Em 2002, o diretor deu seu golpe final. Após um roubo de computadores de dentro do colégio, resolvido dentro da própria comunidade, mandou derrubar os muros da Presidente Campos Salles.
"A escola tinha um grande muro com estacas de ferro. Não se via o colégio. Em 2002, foram roubados 21 computadores. Fui fazer B.O. Uma liderança comunitária andou comigo e eu falava às pessoas que os filhos haviam sido roubados. Aí, eles devolveram os computadores. Uma moto e um carro me fecharam e o cara disse 'é sobre o barato dos computadores, queremos devolver na comunidade, pois na escola a polícia pode nos pegar'", contou Braz. Sua resposta foi derrubar o muro e mostrar que ali era um local seguro e integrado a Heliópolis.
Escola sem muro
Apesar de todas as mudanças, a Presidente Campos Salles continuava com sérios problemas pedagógicos. Em 2004, três professoras procuraram Braz propondo uma mudança. Como inspiração, elas citavam a Escola da Ponte, uma instituição pública portuguesa baseada na tríade solidariedade, autonomia e responsabilidade. É uma escola sem salas de aula, sem turmas, em que nenhum estudante é de um professor só, nem um professor é só de alguns estudantes.

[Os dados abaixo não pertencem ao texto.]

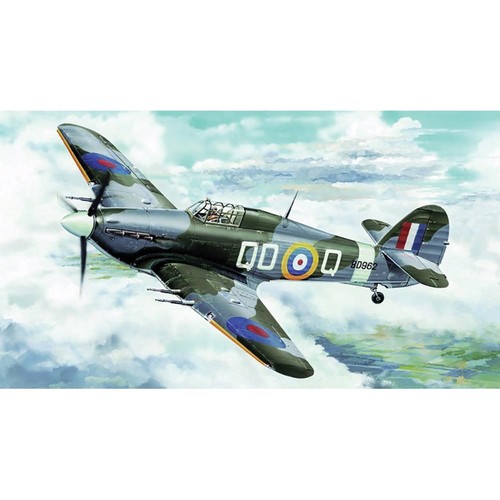Trumpeter 2415 hurricane - 2415, mk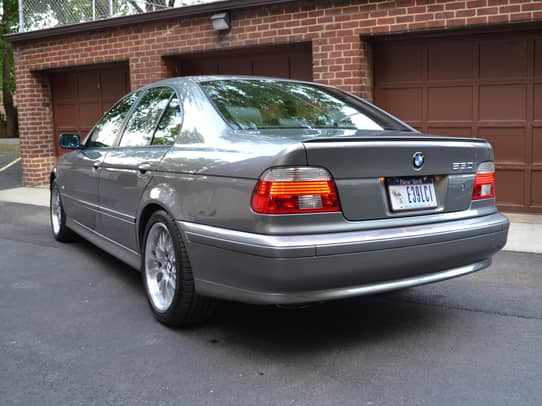 2002 BMW 530i auction - Cars & Bids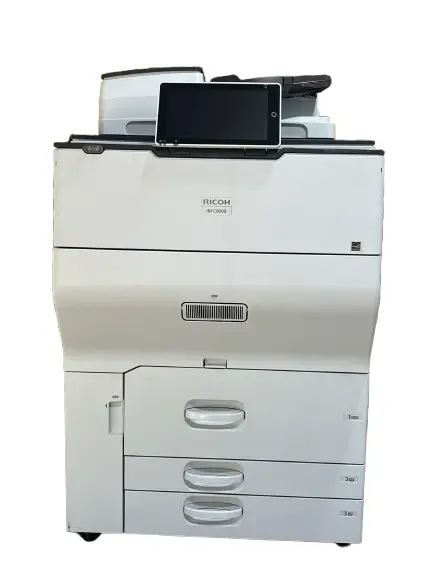 [FO0260] FOTOCOPIADORA RICOH IM C8000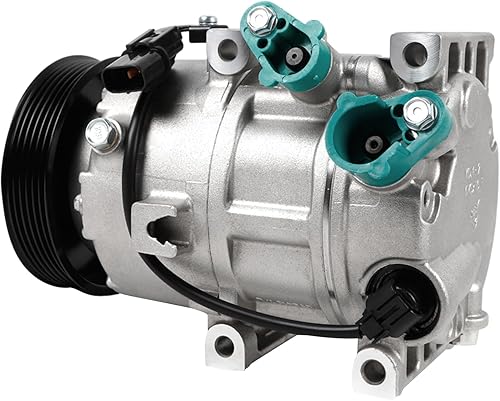 Compresor de A/C con embrague para 2011-2014 H-y-uu-n-d-a-i Sonata 2011 K-ii-a Optima 2.0L 2.4L Compresor de aire acondicionado reemplaza para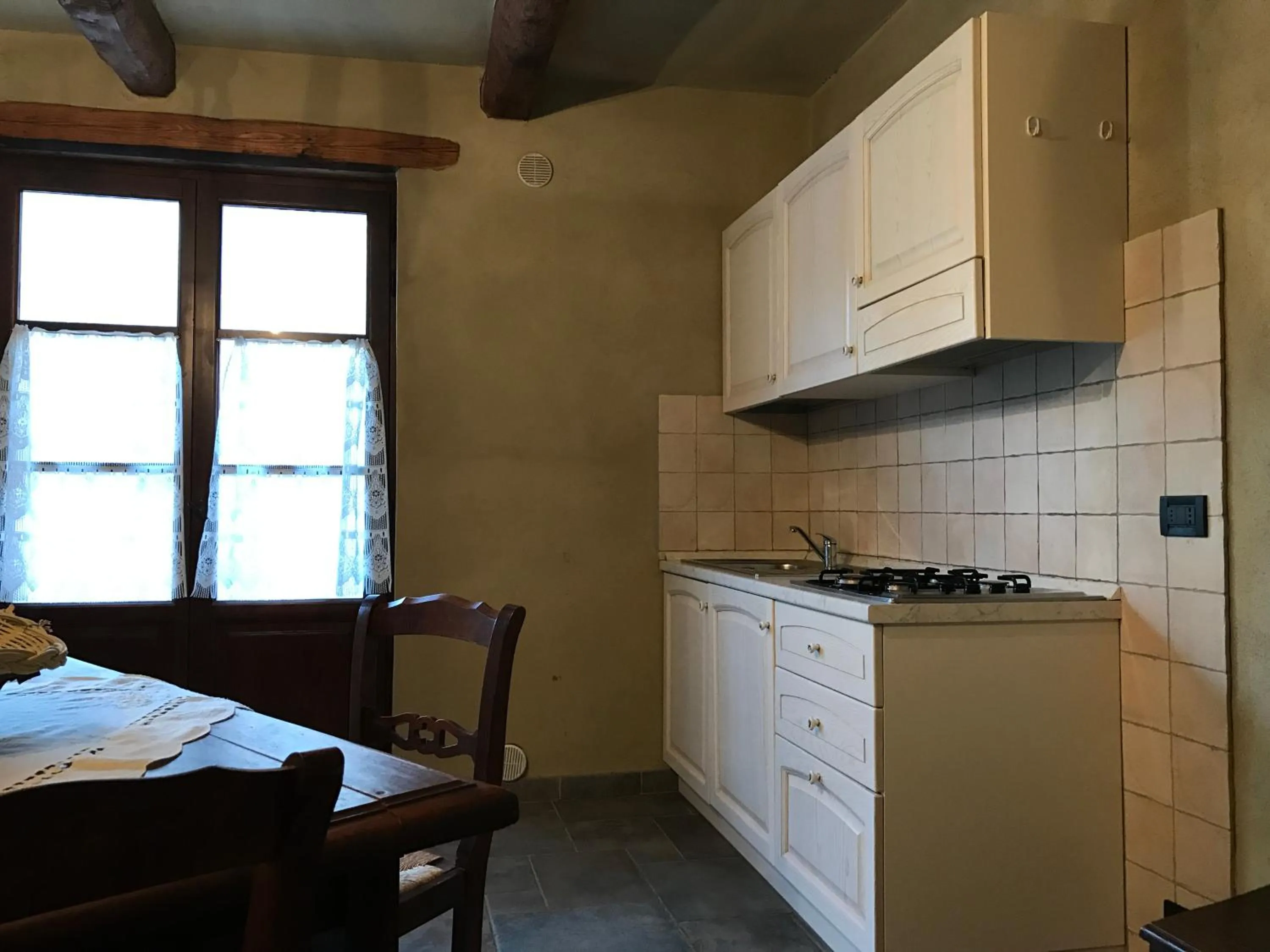 Photo of the whole room in Casale San Giovanni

Braz julgou que qualquer mudança nesse caminho, na Presidente Campos Salles, seria impossível. No entanto, naquele mesmo ano, o professor começou a cursar uma especialização em Educação Comunitária. No fim de 2005, ele se graduou e teve a Escola da Ponte como objeto de sua monografia.
"Então, apresentei minha proposta a todos em Heliópolis, às lideranças e pela cidade. Em setembro de 2005, foi aprovada a metodologia de ensino com base nos princípios da Escola da Ponte. Sempre friso que, não temos a Escola da Ponte, mas fomos inspirados por ela", explicou.
Em 2008, Braz derrubou algumas paredes da escola e transformou 12 salas de aula em quatro grandes salões. No seu projeto, os professores não iam mais atuar no isolamento. Agora, teriam de preparar roteiros de estudos e atuar como monitores dos alunos nos salões.
"Na Presidente Campos Salles, o papel do professor é de orientador. É proibido explicar. É só orientação. O professor é quem oferece recursos para que o aluno construa seus próprios caminhos. Nossa preocupação é que o aluno aprenda com tudo, com todos e em todos os lugares e para sempre. Algo para além das paredes", contou.
Em um período de 30 anos, um ex-futuro-padre-piloto-de-caça, tornou-se professor para não passar fome e, a partir daí, transformou o papel dos seus colegas dentro de um colégio público da periferia. Atualmente, Braz não é mais diretor. Ele agora é diretor regional da Diretoria Regional de Ensino do Ipiranga, em São Paulo. E tenta mudar o panorama de outras escolas na cidade de São Paulo.